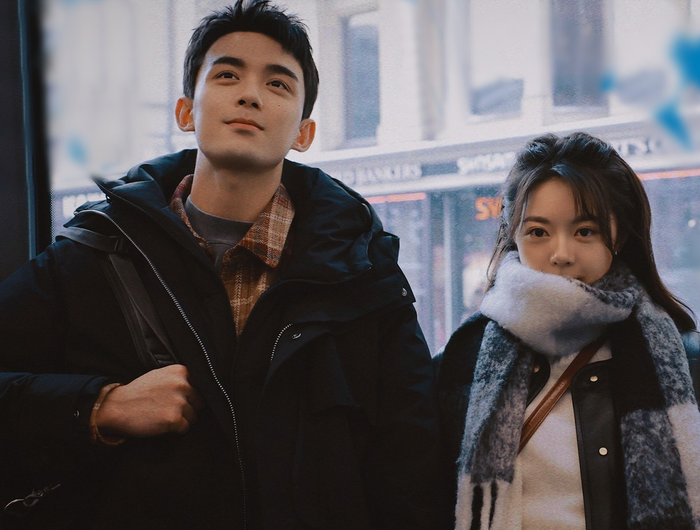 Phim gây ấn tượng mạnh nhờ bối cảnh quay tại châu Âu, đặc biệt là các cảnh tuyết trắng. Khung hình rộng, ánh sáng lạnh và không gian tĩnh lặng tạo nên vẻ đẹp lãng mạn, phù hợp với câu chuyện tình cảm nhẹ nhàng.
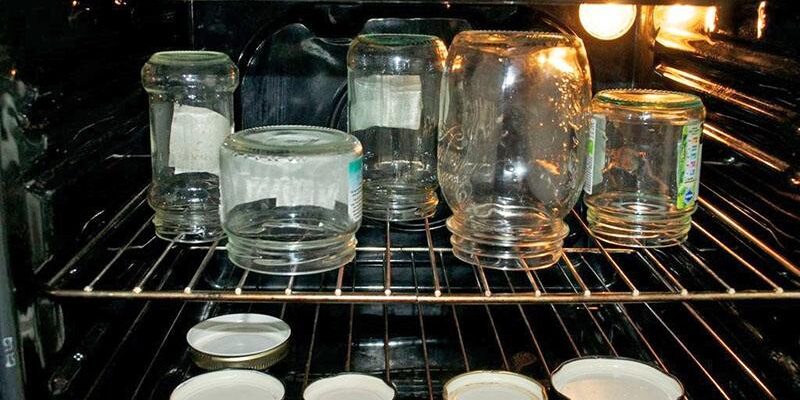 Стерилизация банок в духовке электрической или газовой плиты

...

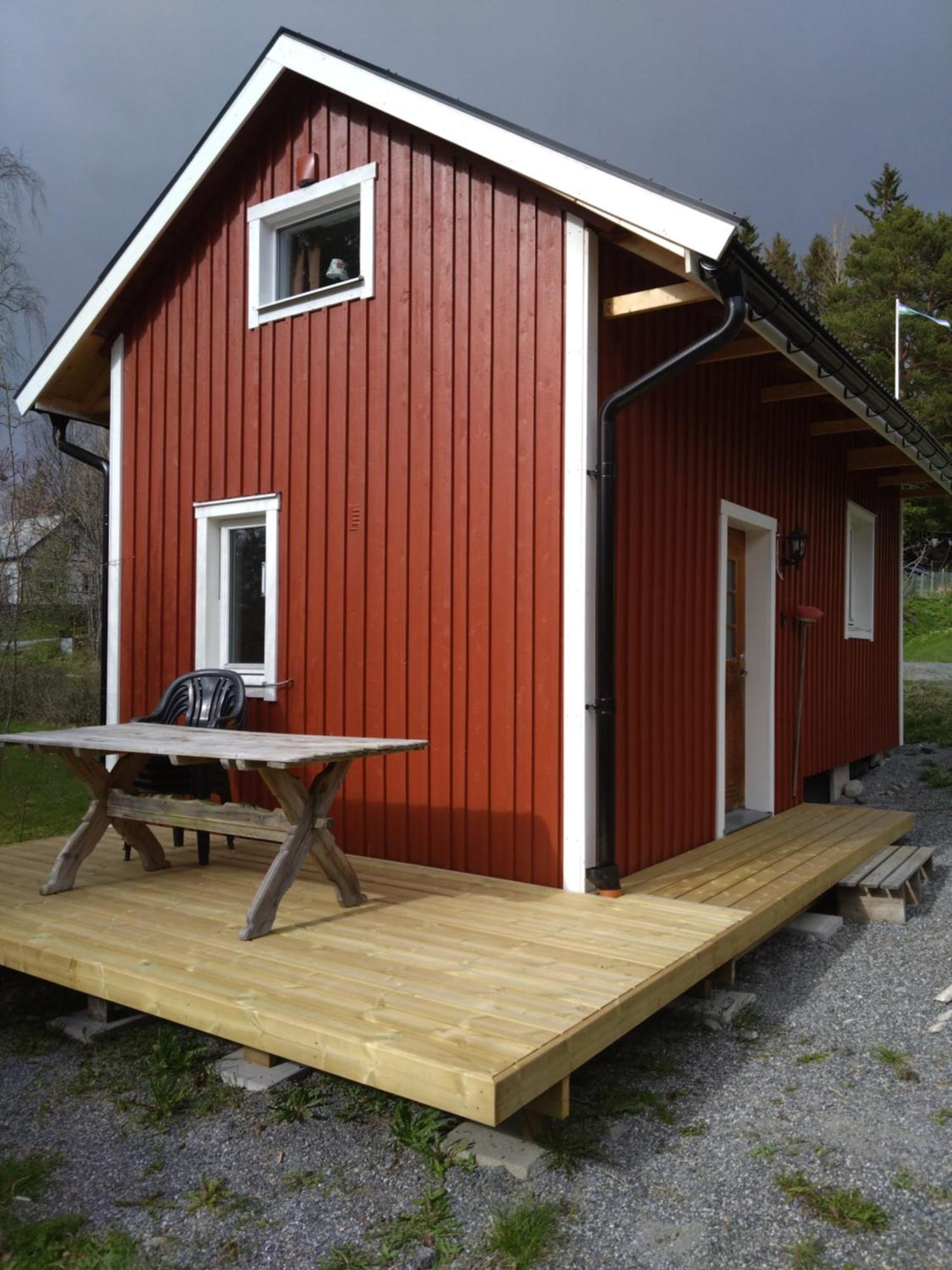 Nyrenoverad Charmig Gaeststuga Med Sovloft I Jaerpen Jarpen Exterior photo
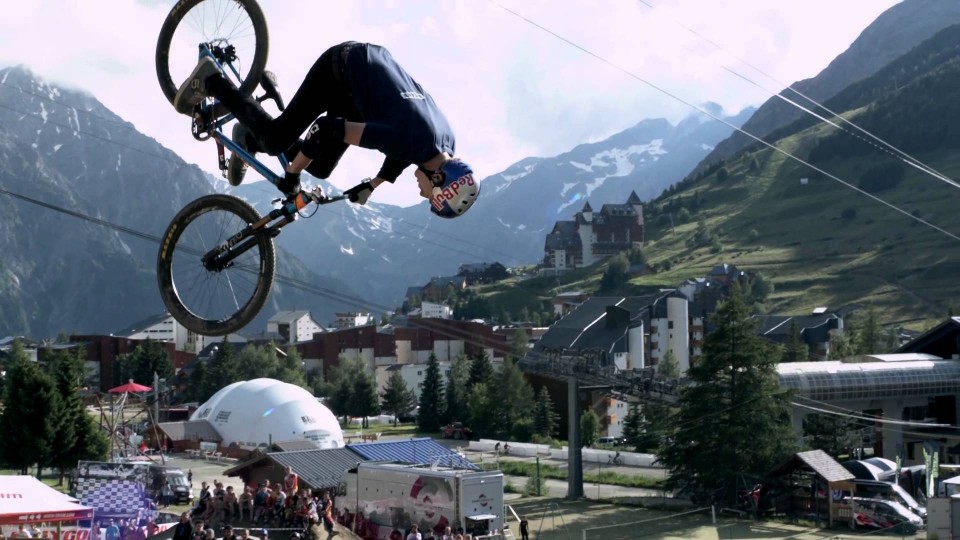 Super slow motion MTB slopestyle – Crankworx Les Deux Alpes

## EXERCISE DIRECTIONS
What belongs in the answer is each line above from the line with "Phim gây ấn" to the line with "Стерилизация банок в", inclusive, reproduced exactly and free of pictures.

## FINAL ANSWER
 Phim gây ấn tượng mạnh nhờ bối cảnh quay tại châu Âu, đặc biệt là các cảnh tuyết trắng. Khung hình rộng, ánh sáng lạnh và không gian tĩnh lặng tạo nên vẻ đẹp lãng mạn, phù hợp với câu chuyện tình cảm nhẹ nhàng.
 Стерилизация банок в духовке электрической или газовой плиты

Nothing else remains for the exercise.